Enquanto ele agradecia e encontrava um cantinho pra acorrentar sua magrela, eu parei e fiquei pensando. O editor mega-power… vinha trabalhar de bicicleta que nem eu.

O paralelo com a editora em que eu trabalhava no Brasil veio na hora, e só naquele momento que eu me dei conta das discrepâncias. Lá na Editora, o prédio tem um mega-estacionamento de cinco andares, milhares de vagas, e um estacionamentozinho de bicicletas que só serve de desencargo de consciência, onde cabem no máximo 20. Vinte vagas, que estão em geral vazias; apenas 3 ou 4 bicicletas usam-nas regularmente, e eu lembro de bicicletas que ficavam lá esquecidas meses a fio. Enquanto isso, no jornal, eles não têm um estacionamento próprio de carro que seja, mas têm o cercadinho das bikes, que deve abrigar umas 150 bicicletas, todas as vagas disputadas a tapa. A ponto do povo se organizar para remover as bikes que ficavam lá esquecidas por mais de duas semanas, pra não deixar ninguém que realmente usa sem vaga.

Claro que existem as diferenças práticas e geográficas entre Londres e São Paulo. Londres é uma cidade bem plana, enquanto Sampa é um sobe-desce sem fim. E as distâncias em Sampa são bem maiores. Mesmo assim… acho que o problema é mais de outra ordem. Afinal, todos meus amigos que saíram da casa de pai e mãe fizeram o possível pra encontrar um lugar em que se evitasse as distâncias absurdas e facilitasse seu dia-a-dia.

No fundo, um carro no Brasil é basicamente um símbolo de status. Um objeto de desejo tão forte que faz as pessoas acharem perfeitamente razoável entrarem em prestações a perder de vista, torrarem dinheiro com combustível (além de poluírem o ambiente), e ainda arcar com estacionamento, pedágio, IPVA, seguro… e academia. E ainda por cima dar sua forcinha para piorar os congestionamentos. Some-se a isso o choro e ranger de dentes quando roubam o carro, ou o som, ou riscam o veículo.

Meses atrás li num jornal online que iam fazer uma ciclovia paralela às marginais, entre a avenida e o rio. Nunca mais fiquei sabendo de nada a respeito, mas espero que se torne realidade (assim como a minha querida linha amarela do metrô finalmente está saindo do papel). Porque ela será muito útil.
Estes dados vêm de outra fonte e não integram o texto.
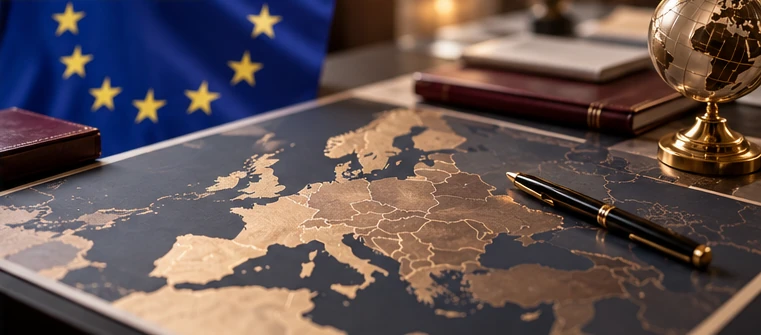 Europakarte und EU-Flagge neben Geschäftsunterlagen auf einem Tisch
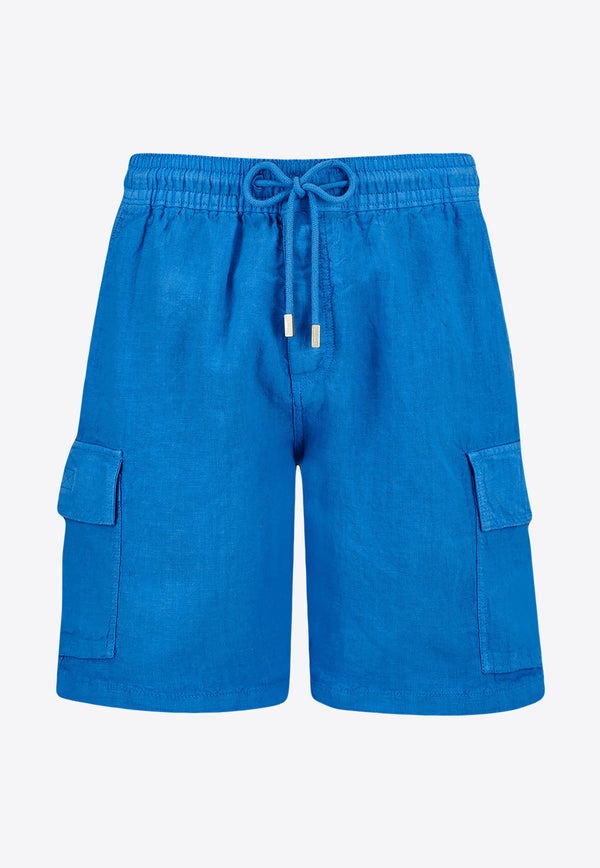 Vilebrequin Baie Bermuda Cargo Shorts BAIU3U01-367 Blue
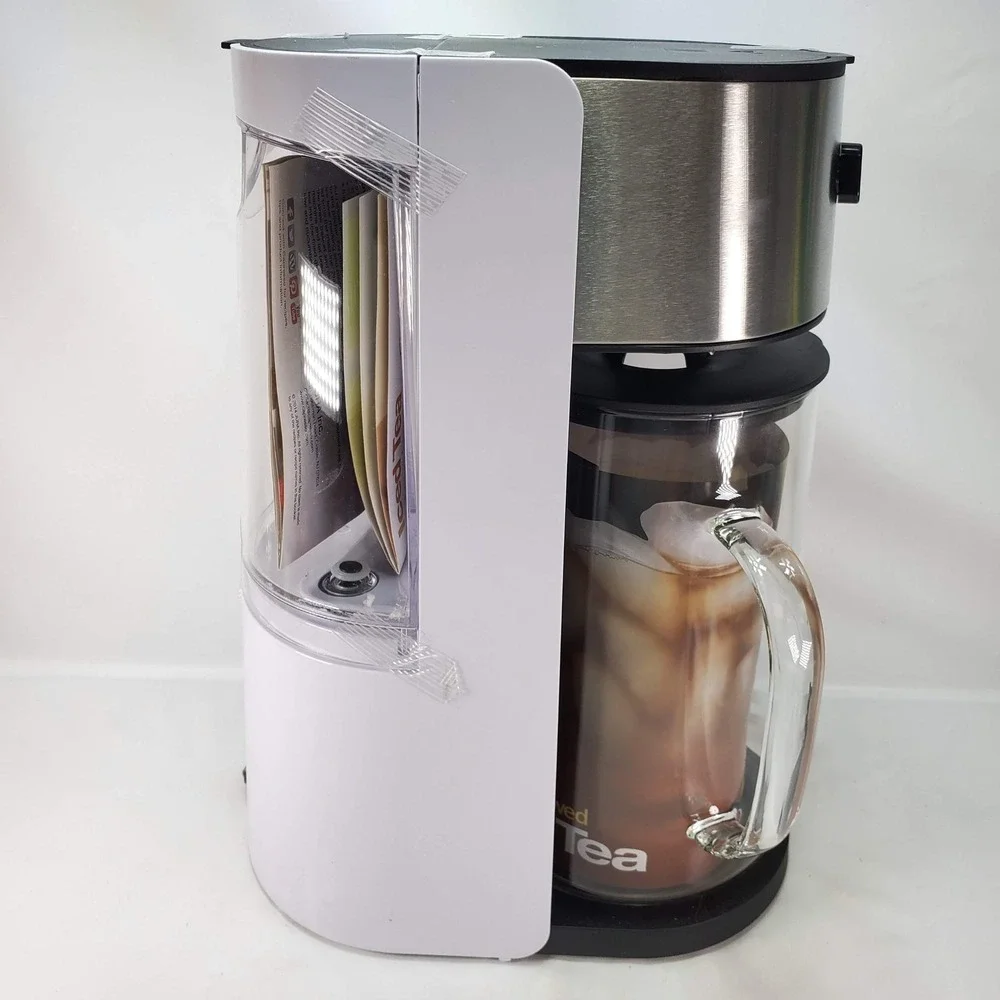 Capresso Iced Tea Maker White Silver 624.02 80oz Glass Pitcher NEW NO BOX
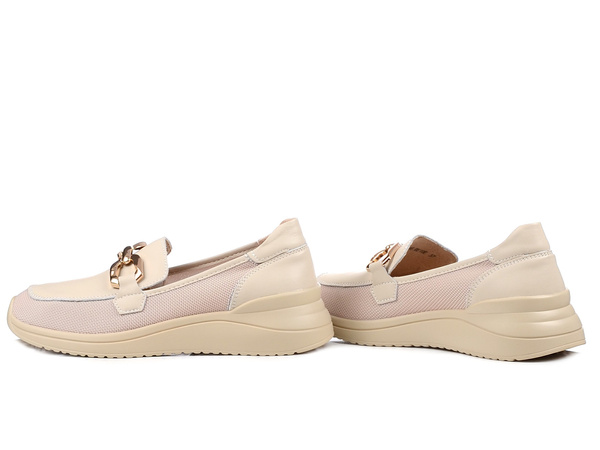 Półbuty damskie mokasyny skórzane wsuwane beżowe T.Sokolski W26-286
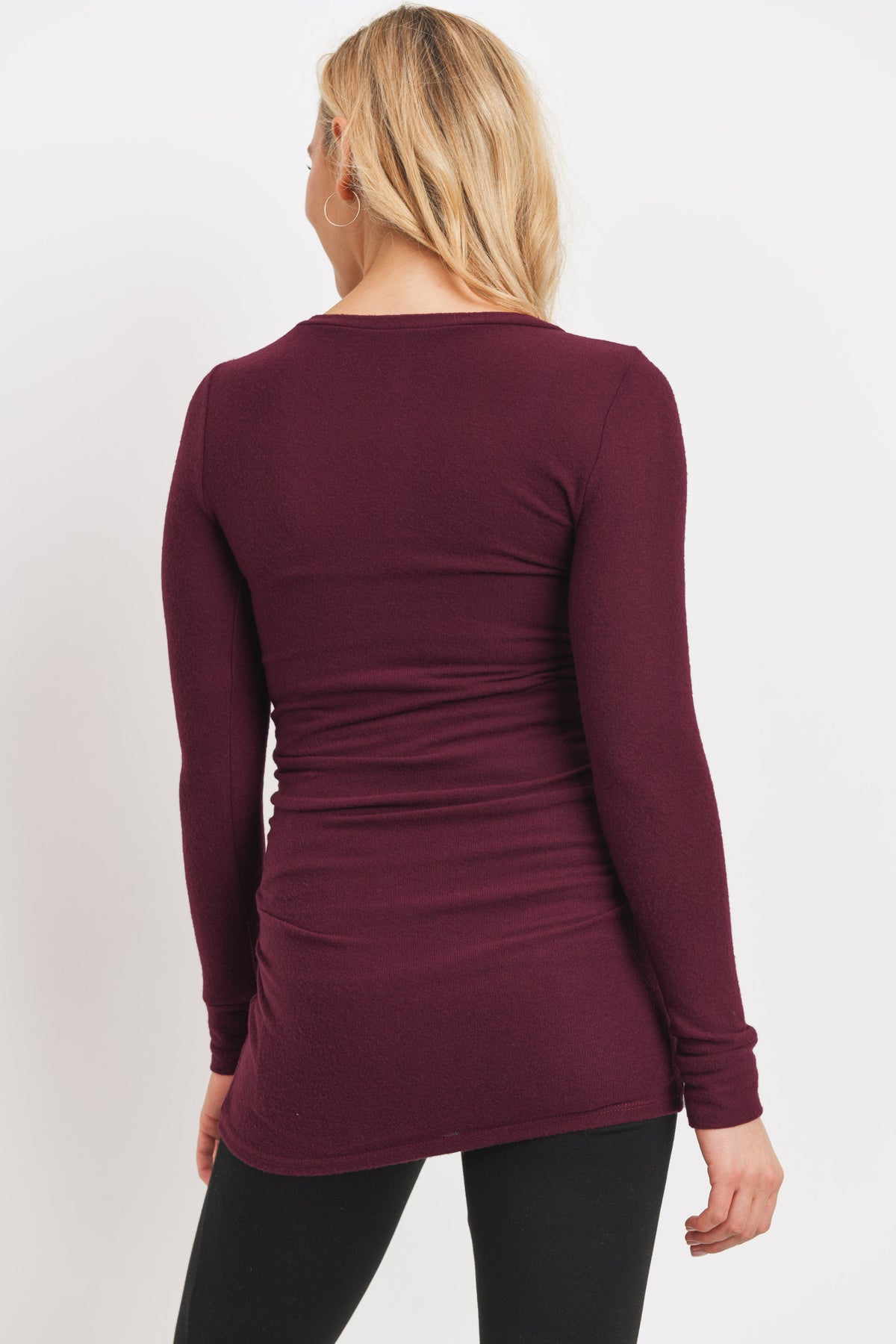 Dark Wine Hello Miz Cashmere-Like Hacci Maternity Long Sleeve Tunic back view
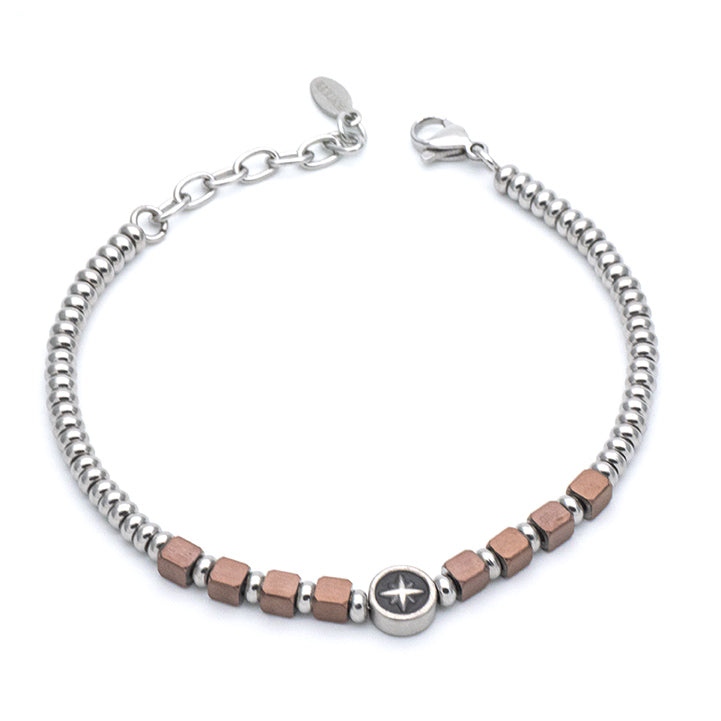 Bracciale Uomo Rosa dei Venti e Ematite Marrone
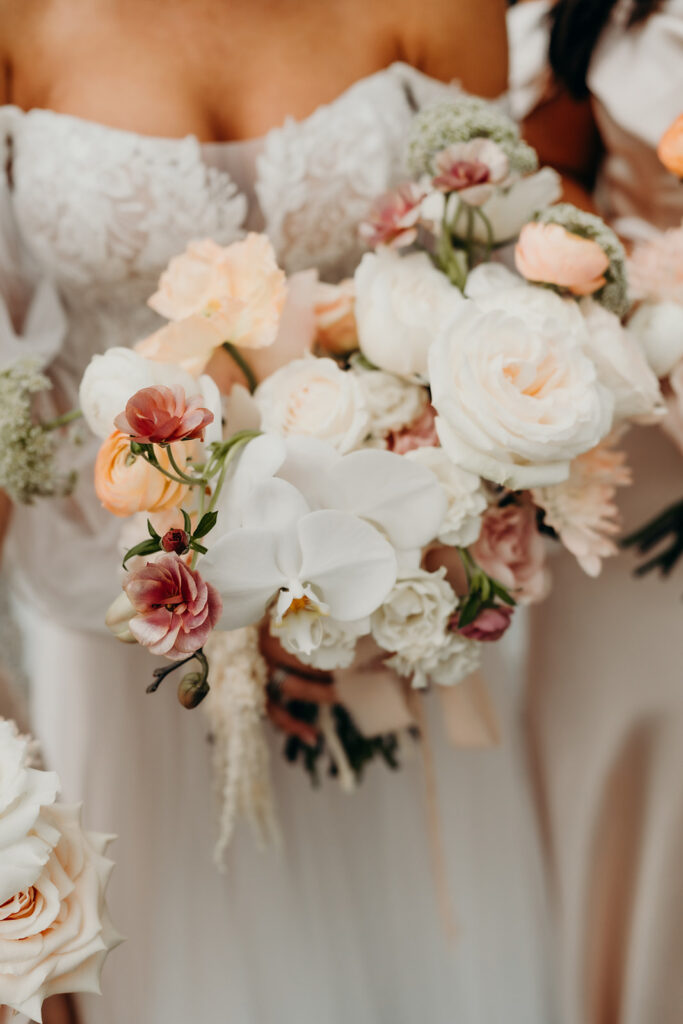 Wedding bouquet with pink and white flowers
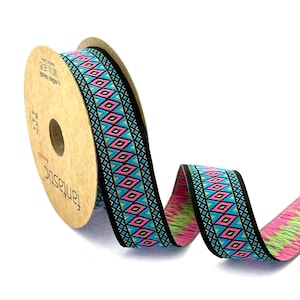 Jacquard Ribbon Geometric Woven Trim for Clothing and Bag Embellishment Decorations, 28 mm Decorative Trim for Handmade Projects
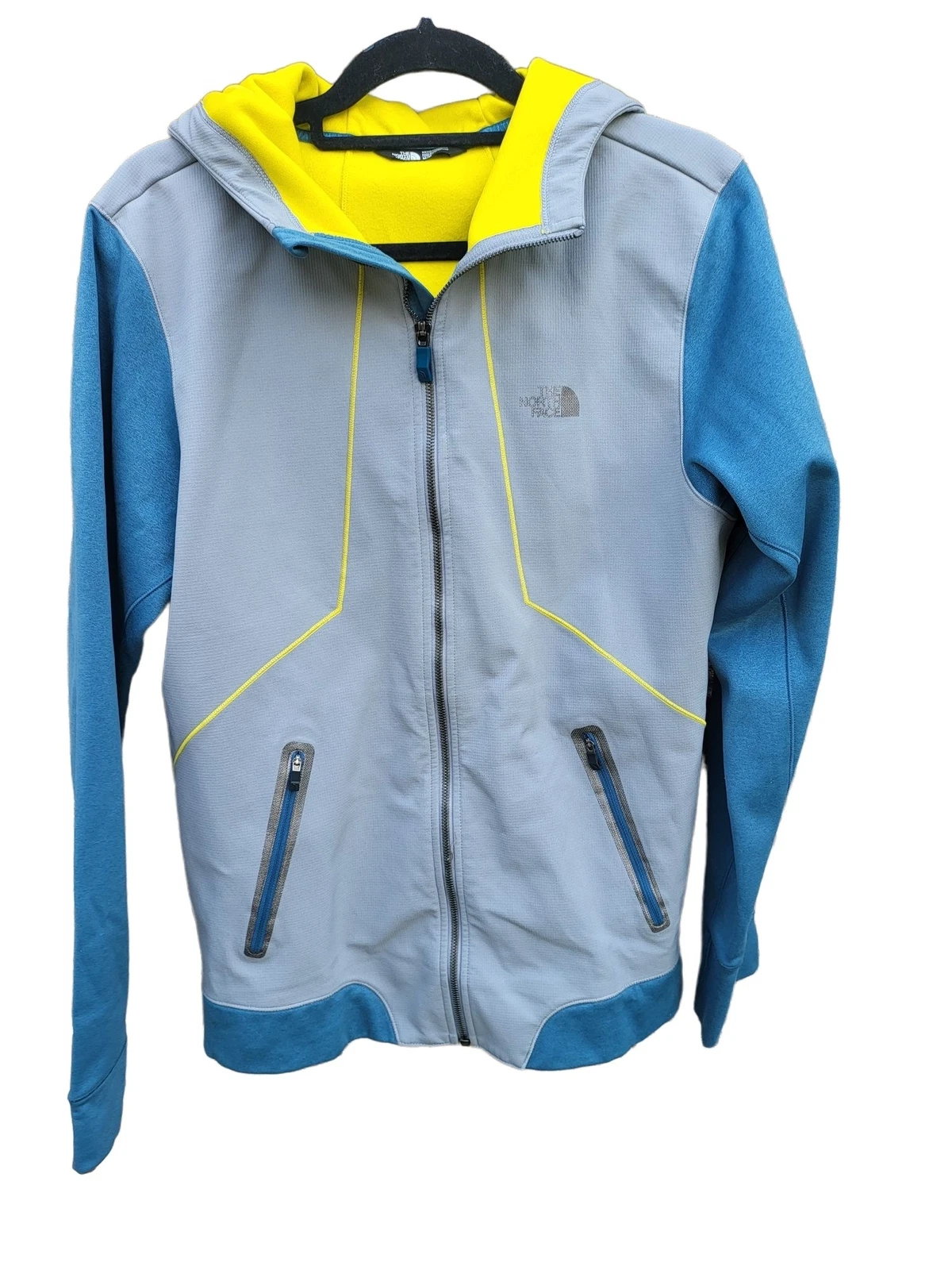 The North Face Light Weight Jacket Medium Mens Full Zip Long Sleeve Hooded Grey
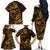 Polynesian Turtle Valentine Family Matching Off Shoulder Long Sleeve Dress and Hawaiian Shirt You And Me Gold Hibiscus Heart LT01 - Polynesian Pride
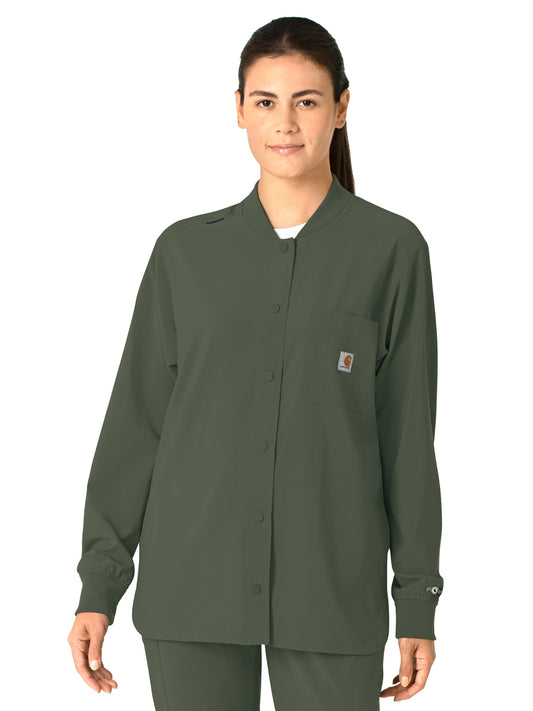 Women's Four-Pocket Modern Fit Shirt Jacket - C82210 - Olive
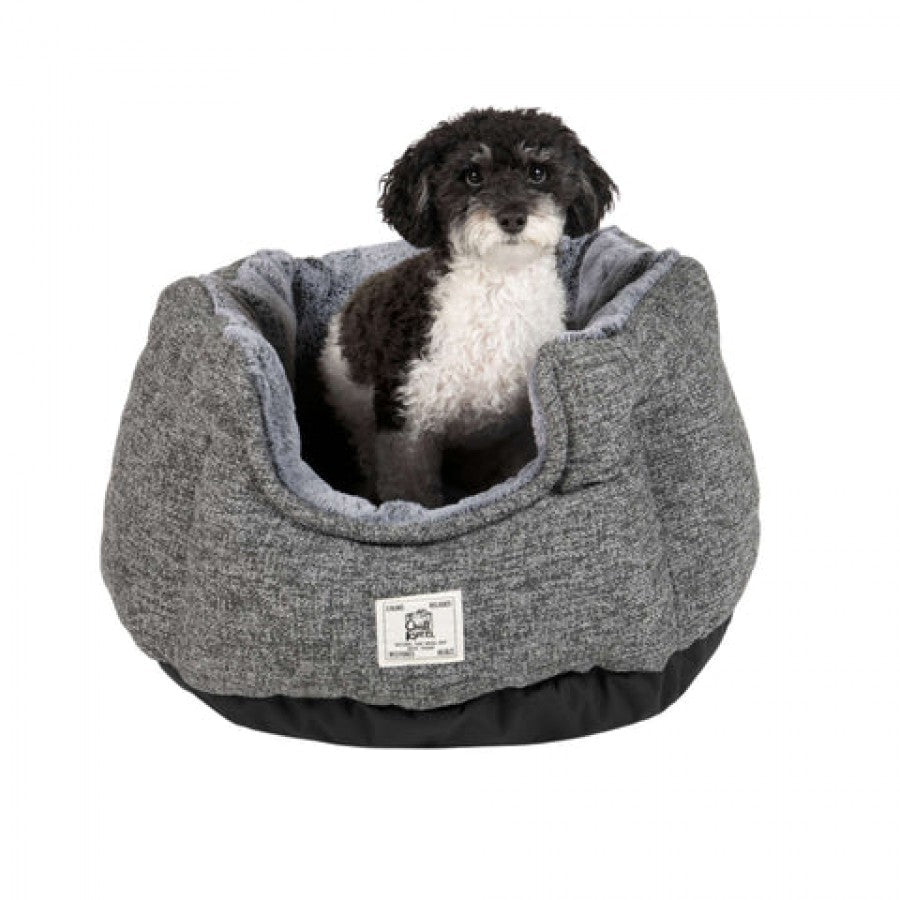 LocalID_66164 Dog Gone Smart - Chill Kuzzi FIR Round Bed - GREY - 91.5 x 91.5 x 38CM (30x30x13in)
E espero que seja apenas o começo – Sampa vai precisar começar a prover alternativas pros automóveis logo. Principalmente pra quando resolverem instaurar o pedágio nas áreas mais congestionadas. Porque, é fatal, isso vai acontecer. Aqui em Londres são doze libras – POR DIA – pra você entrar com seu carro no centro. Eu não tenho dúvida que, num país que tem coisas como CPMF, não vai demorar muito pra adotarem uma medida como essa que não só vai diminuir o trânsito, como também vai trazer mais renda pros cofres públicos.

O triste é que, do jeito que as coisas vão, esse dinheiro não vai ser usado para fazer ciclovias, corredores de ônibus, frota nova, metrô, etc. Nem uma campanha que torne o transporte público ou pedalar mais fashionable. Andar de carro vai continuar a ser o modo bacanudo de ser, as pessoas vão ter mais do que reclamar, a administração pública vai ficar mais rica, e só.